BEGIN Provided information

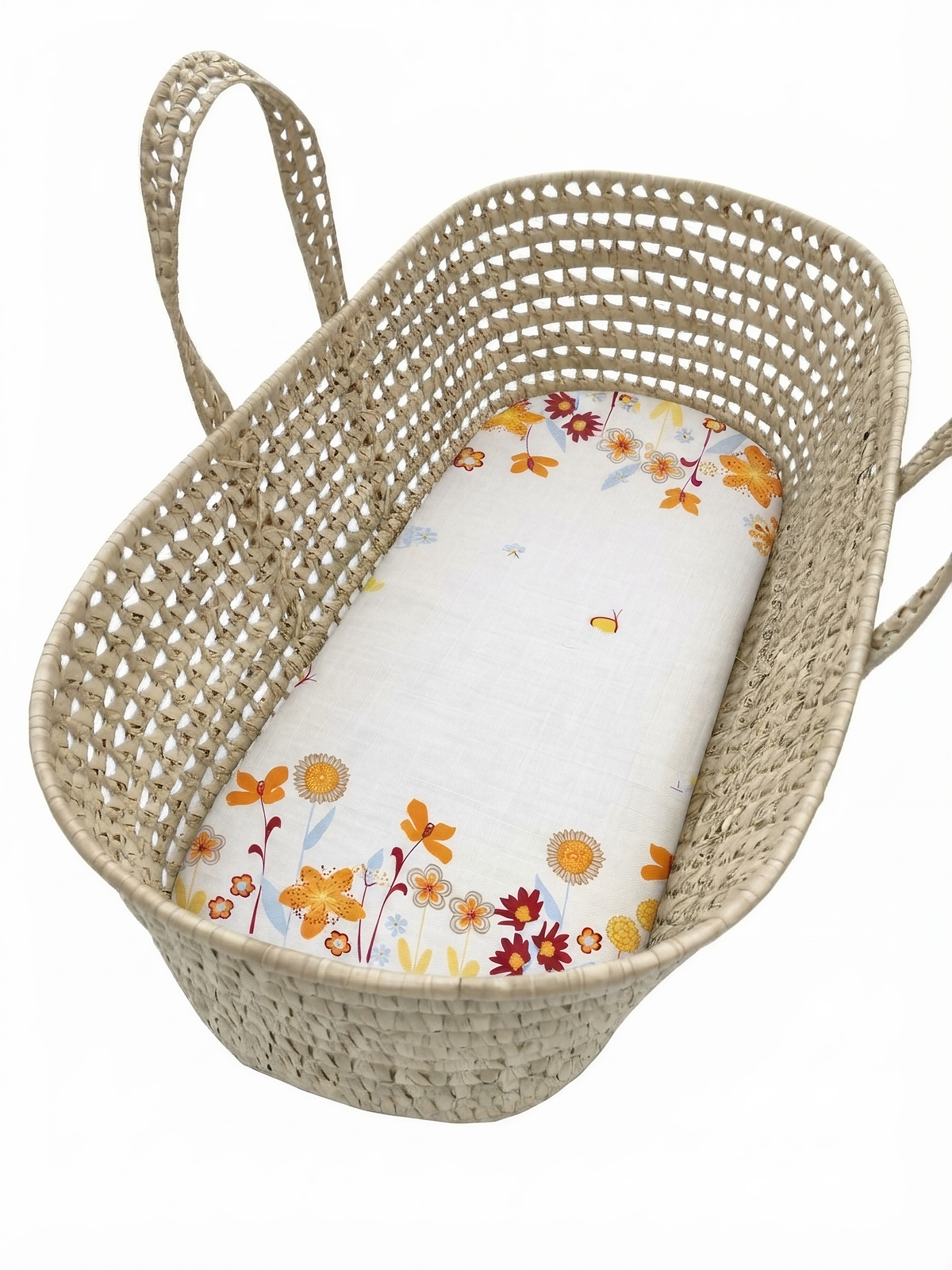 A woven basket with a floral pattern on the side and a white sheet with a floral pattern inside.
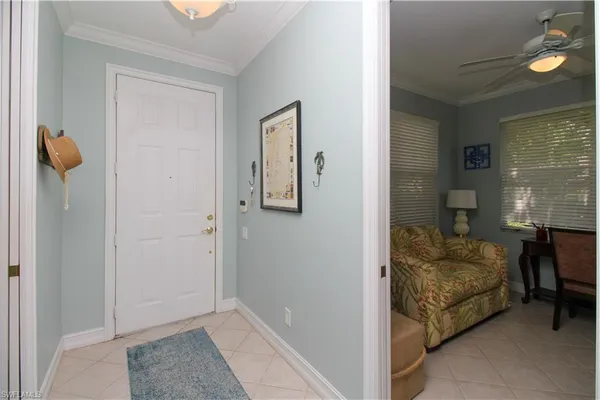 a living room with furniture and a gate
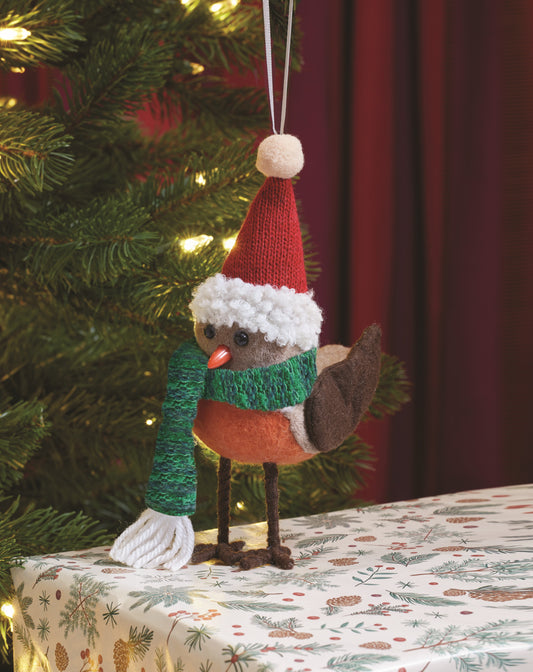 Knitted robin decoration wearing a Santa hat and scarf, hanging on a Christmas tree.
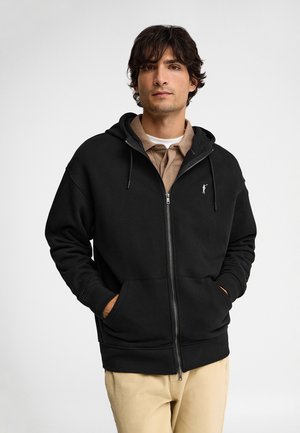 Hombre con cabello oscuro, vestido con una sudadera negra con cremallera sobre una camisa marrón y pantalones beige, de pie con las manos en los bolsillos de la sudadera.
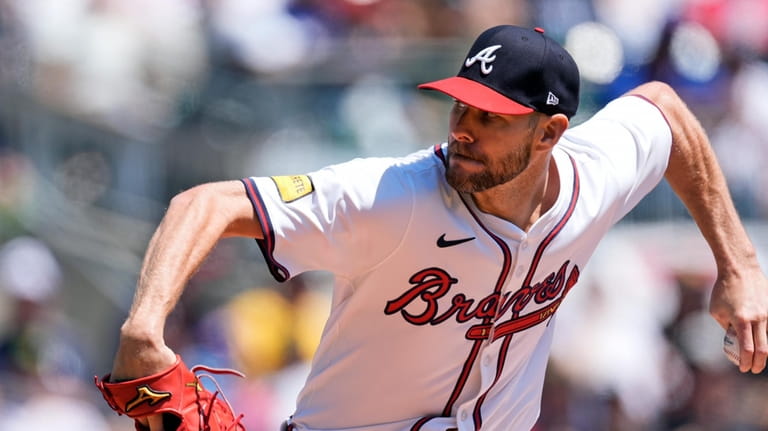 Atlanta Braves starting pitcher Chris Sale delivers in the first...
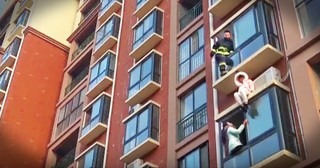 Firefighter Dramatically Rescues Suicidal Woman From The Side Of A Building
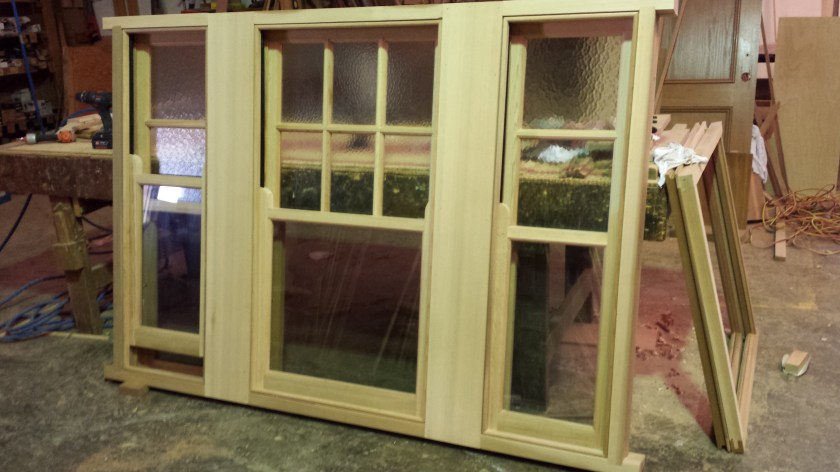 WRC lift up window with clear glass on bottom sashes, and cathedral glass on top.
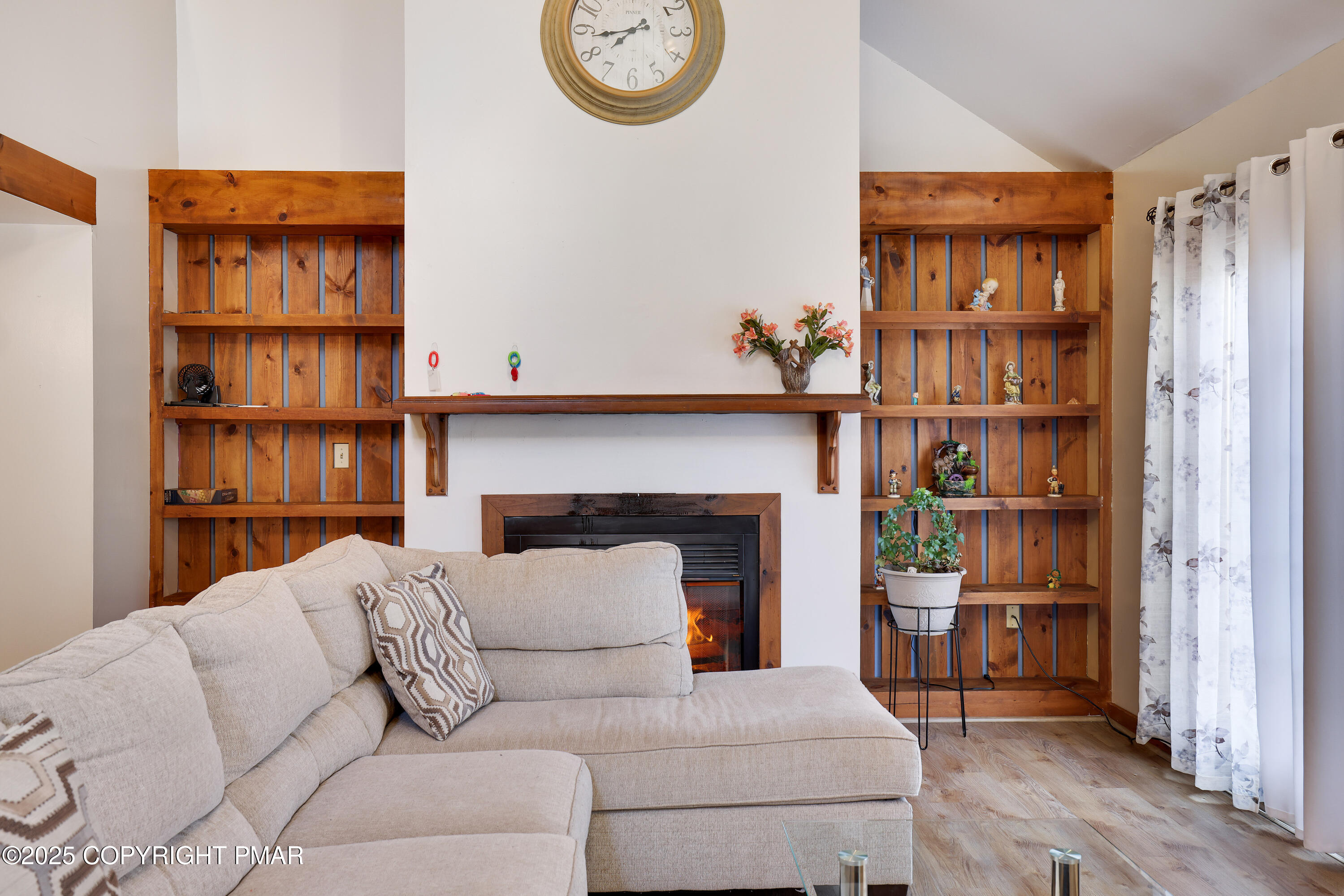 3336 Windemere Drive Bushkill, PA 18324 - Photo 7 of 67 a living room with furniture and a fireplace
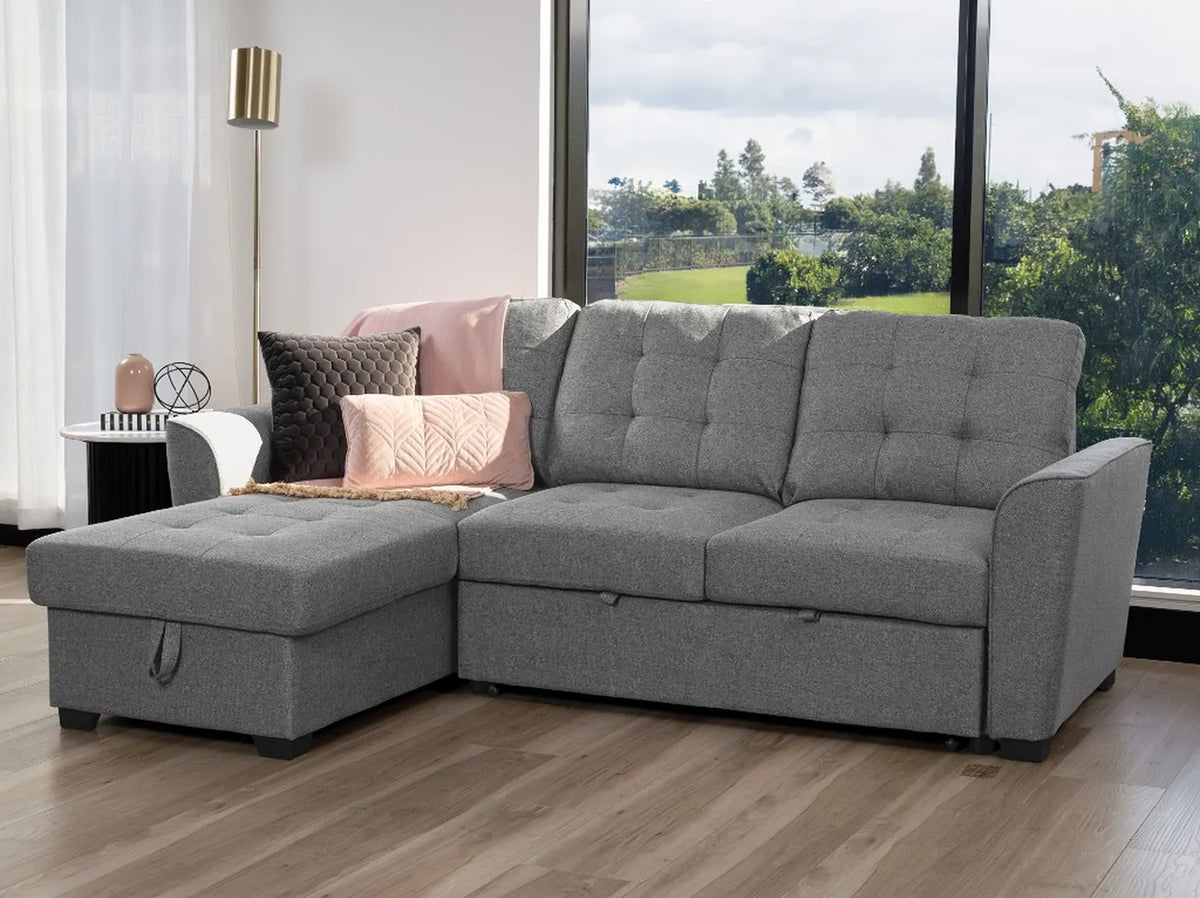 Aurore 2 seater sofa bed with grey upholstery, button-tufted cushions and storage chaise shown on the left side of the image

END Provided information

Problem description => Set down every line above exactly, pictures excluded.

Completed exercise =>
 A woven basket with a floral pattern on the side and a white sheet with a floral pattern inside.
 a living room with furniture and a gate
 Knitted robin decoration wearing a Santa hat and scarf, hanging on a Christmas tree.
 Hombre con cabello oscuro, vestido con una sudadera negra con cremallera sobre una camisa marrón y pantalones beige, de pie con las manos en los bolsillos de la sudadera.
 Atlanta Braves starting pitcher Chris Sale delivers in the first...
 Firefighter Dramatically Rescues Suicidal Woman From The Side Of A Building
 WRC lift up window with clear glass on bottom sashes, and cathedral glass on top.
 3336 Windemere Drive Bushkill, PA 18324 - Photo 7 of 67 a living room with furniture and a fireplace
 Aurore 2 seater sofa bed with grey upholstery, button-tufted cushions and storage chaise shown on the left side of the image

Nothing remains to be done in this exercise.